## What the exercise asks
Where the word "béton" appears in a line of the entries below, count that line and give the total alone.

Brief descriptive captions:
-- -- --
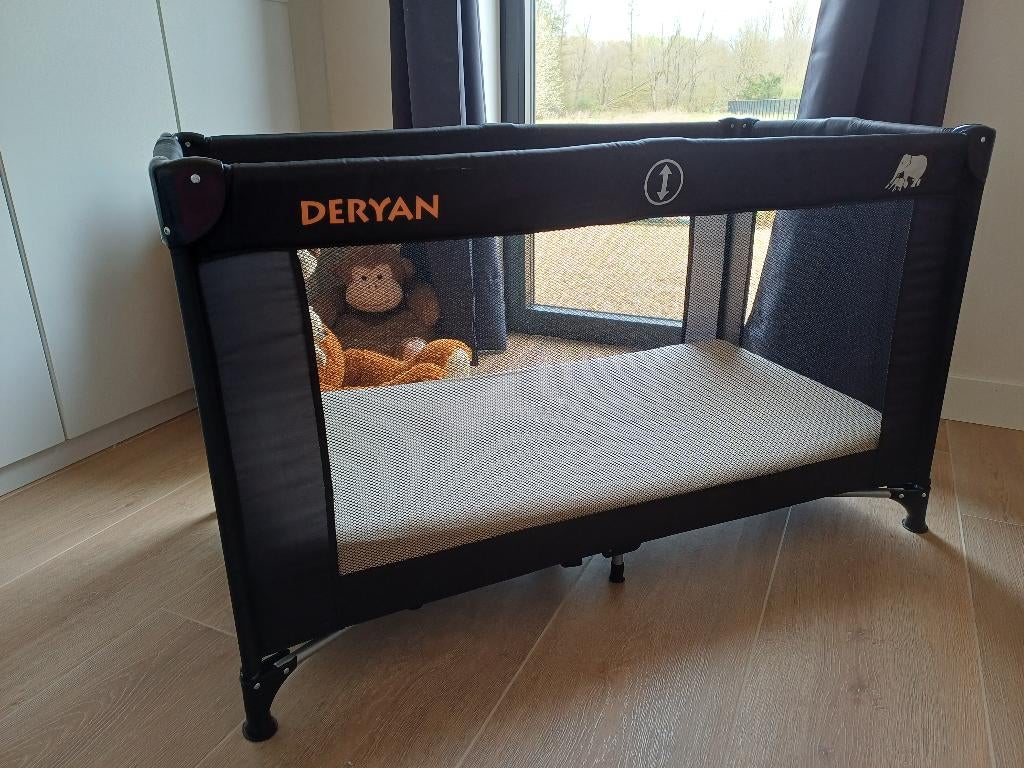 Deryan reisbedje - logeerbedje, Ophalen, Zo goed als nieuw, Minder dan 140 cm, Matras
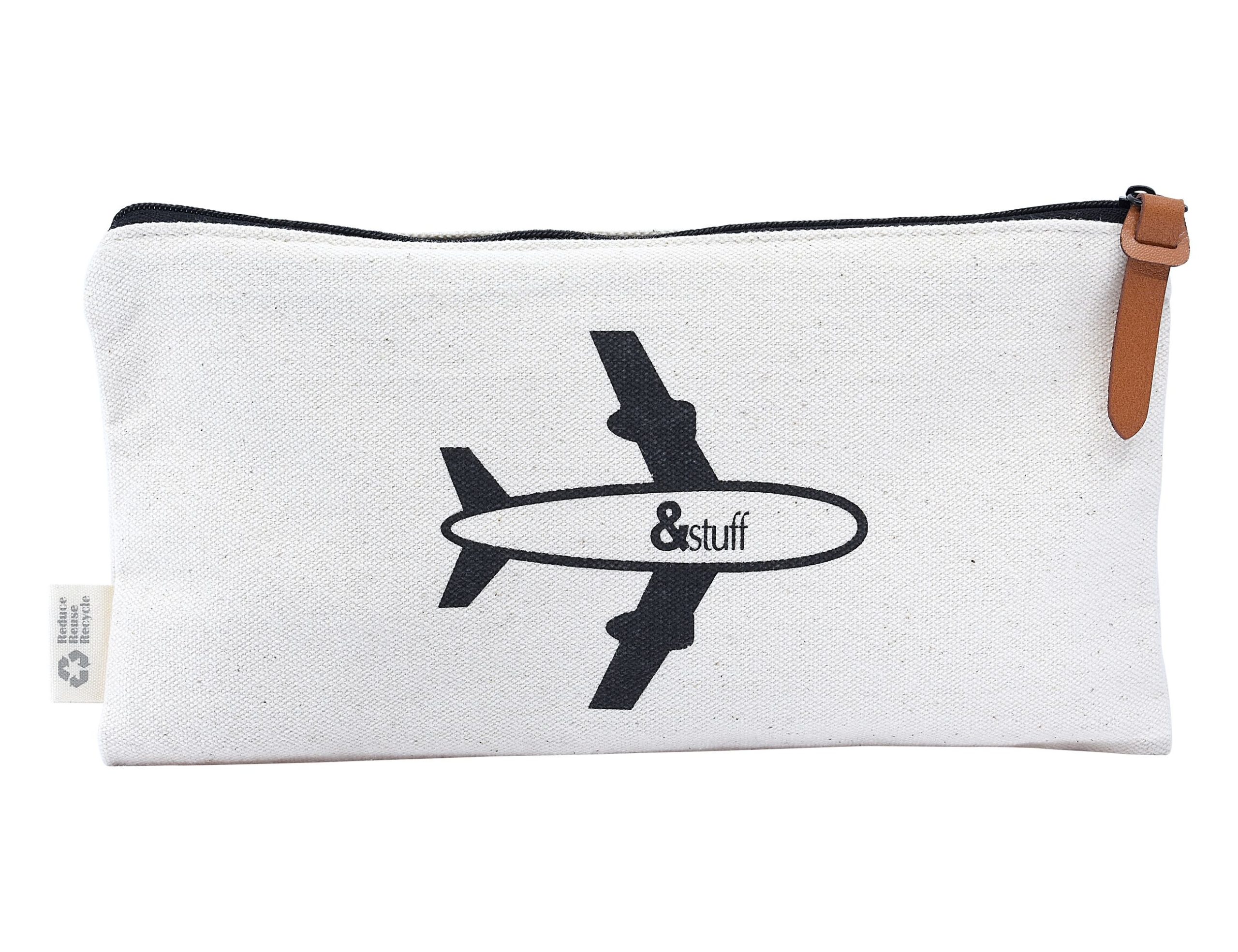 Calico Travel Pouch 12.5cm x 24.5cm - Image 5
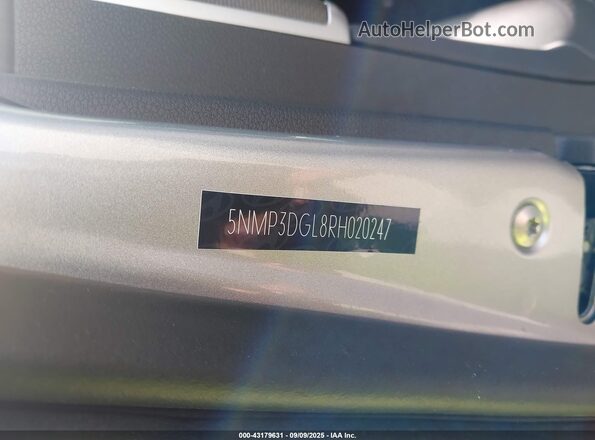 5NMP3DGL8RH020247 2024 HYUNDAI SANTA FE Silver Widok komory silnika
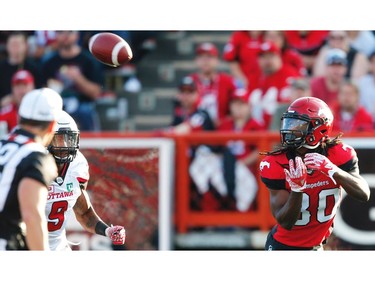 Stamps Football

Calgary Stampeders Marken Michel with touchdown catch against Jonathan Rose of the Ottawa Redblacks during CFL football in Calgary. AL CHAREST/POSTMEDIA

TD
Al Charest, AL CHAREST/POSTMEDIA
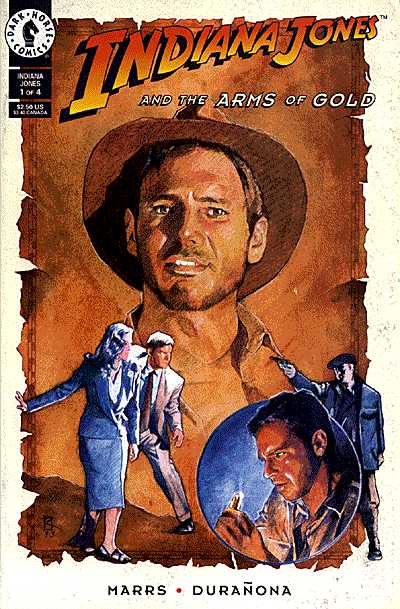 Cover for Indiana Jones and the Arms of Gold #1 (of 4) (92-486)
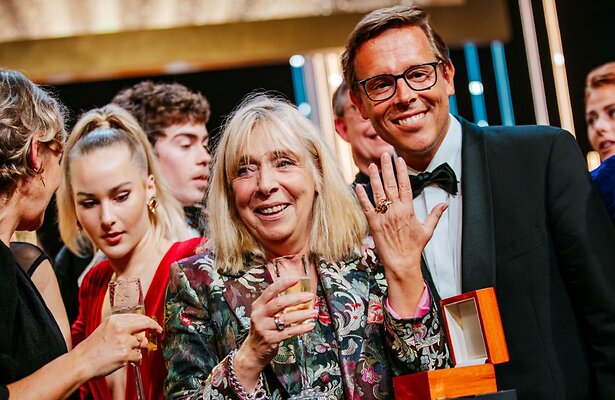 Wil Koopman tijdens het Gouden Televizier-Ring Gala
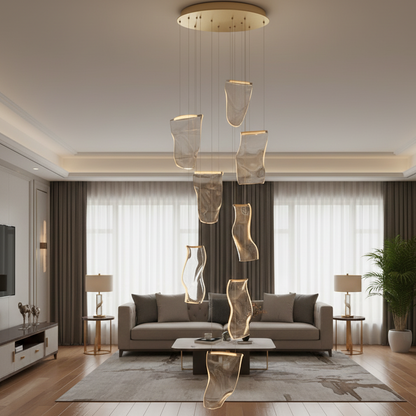 Sylor Luxury Waterfall Chandelier 8 Heads | Celestre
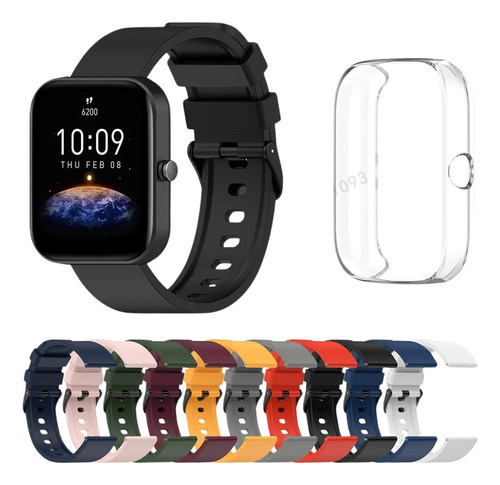 Smartwatch Amazfit Bip 3 Pro Original +pulseira Extra+ Case 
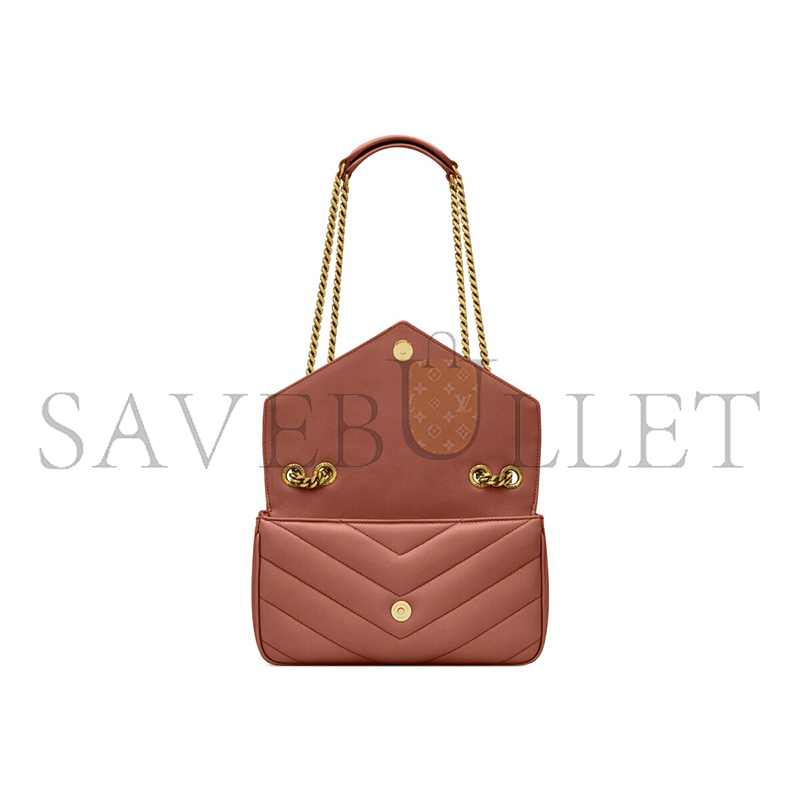 YSL LOULOU SMALL IN MATELASSÉ LAMBSKIN 801437AAEAX5036 (24*14*6cm)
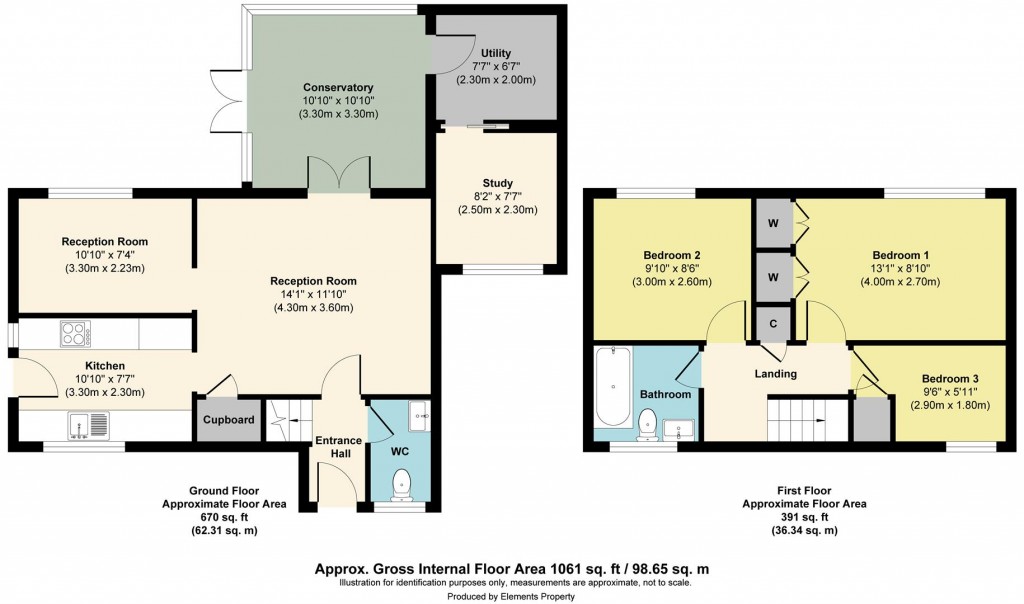 Floorplans For Falkland Place, Walderslade Woods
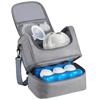 Breast Pump Bag, Breast Feeding Bag with Ice Pack, Fits for S1/S2, Pumping Accessories & Breastmilk Storage, Portable Pump Carrying Case for Work,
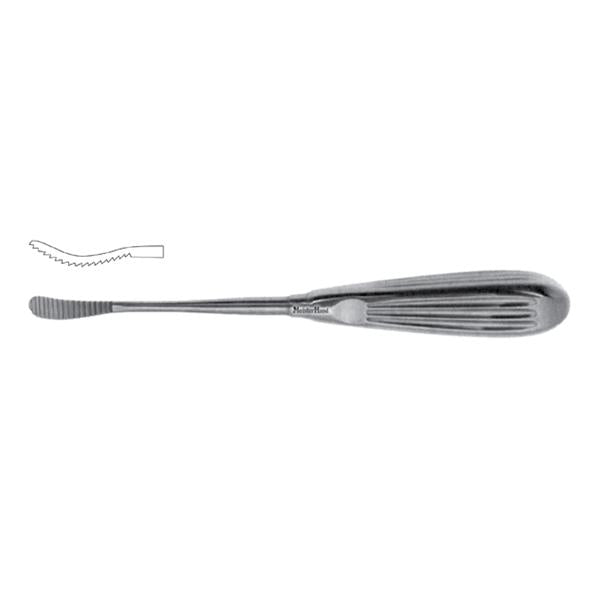 Miltex-Integra Rasp Glabella Aufricht Meister-Hand 8-1/4" Curved Forward Cutting 8Mm Tip Ss Ea - MH21-346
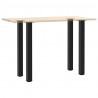 Nogi do stołu barowego 4 szt. Czarne 100-102 cm Stalowe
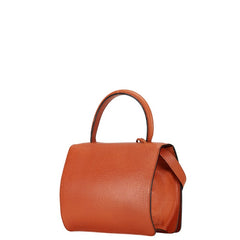 ロエベ ロゴ バルセロナ ハンドバッグ ショルダーバッグ 2WAY オレンジ レザー レディース LOEWE 【中古】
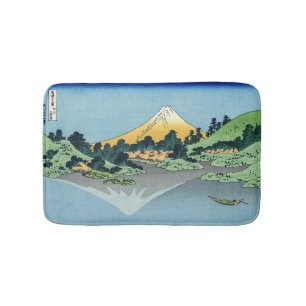 Hokusai - Mount Fuji Reflects in Lake Kawaguchi Bath Mat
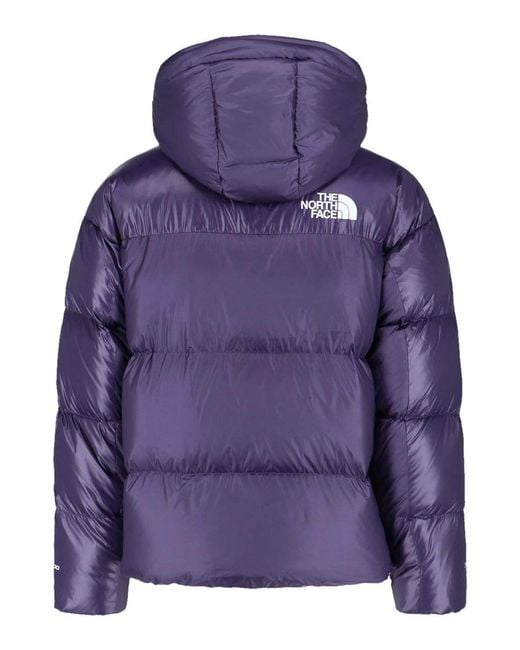 The North Face Purple Pertex Padded Down Jacket for men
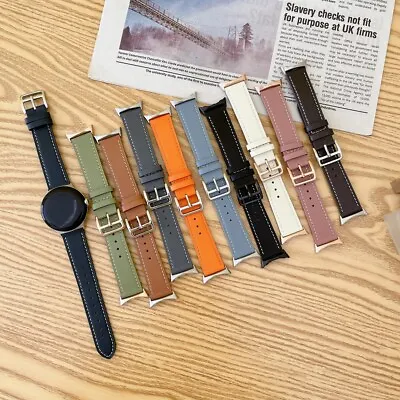 £8.99 • Buy Genuine Leather Strap For Google Pixel Watch Replacement Watch Band
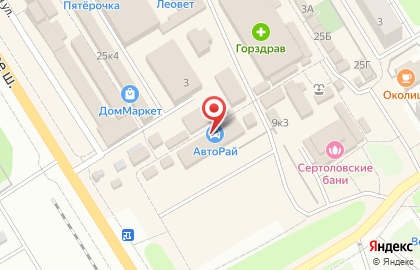 Магазин автозапчастей и сопутствующих товаров для автомобилей Авторай на карте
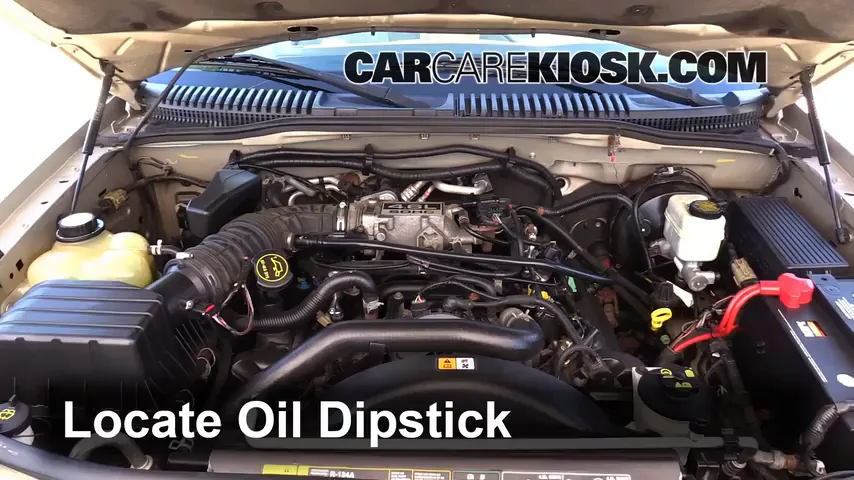 2005 Mercury Mountaineer Premier 4.6L V8 Oil Check Oil Level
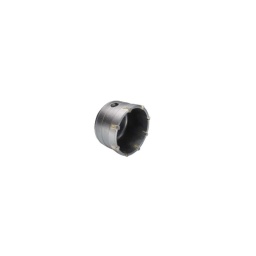 Trépan percussion sds+ pour marteaux sds+ jusqu'a 950w
application
s'utilise en rotation percussion dans les materiaux durs tels que la brique. le béton ou la pierre. 
dans le cas d'une paroi faiancee. traverser la faience en rotation simple puis en percussion des que la faience est traversee.
liaison filetee. foret centreur independant serre par vis
- béton. carrelage. tuile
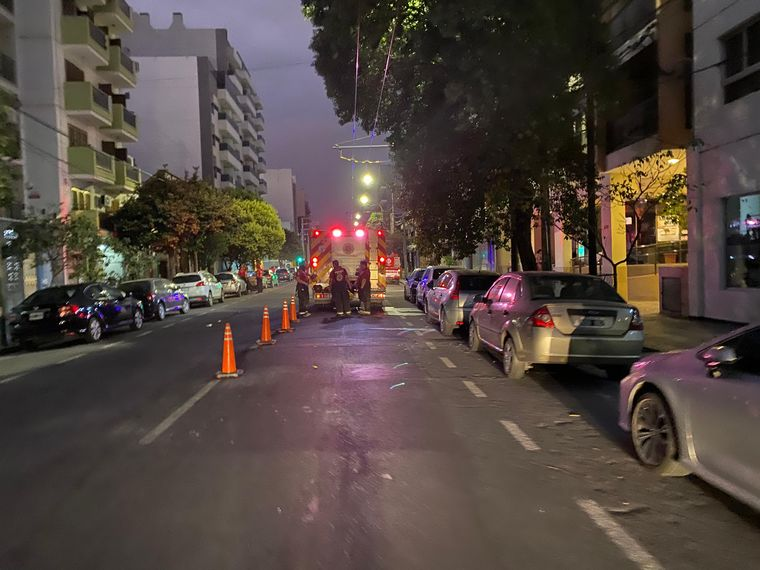 Un muerto y 40 evacuados por el incendio de un edificio en Córdoba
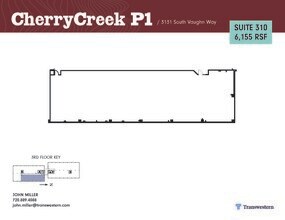 3131 S Vaughn Way, Aurora, CO for lease Floor Plan- Image 1 of 2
-- -- --
## Response box
2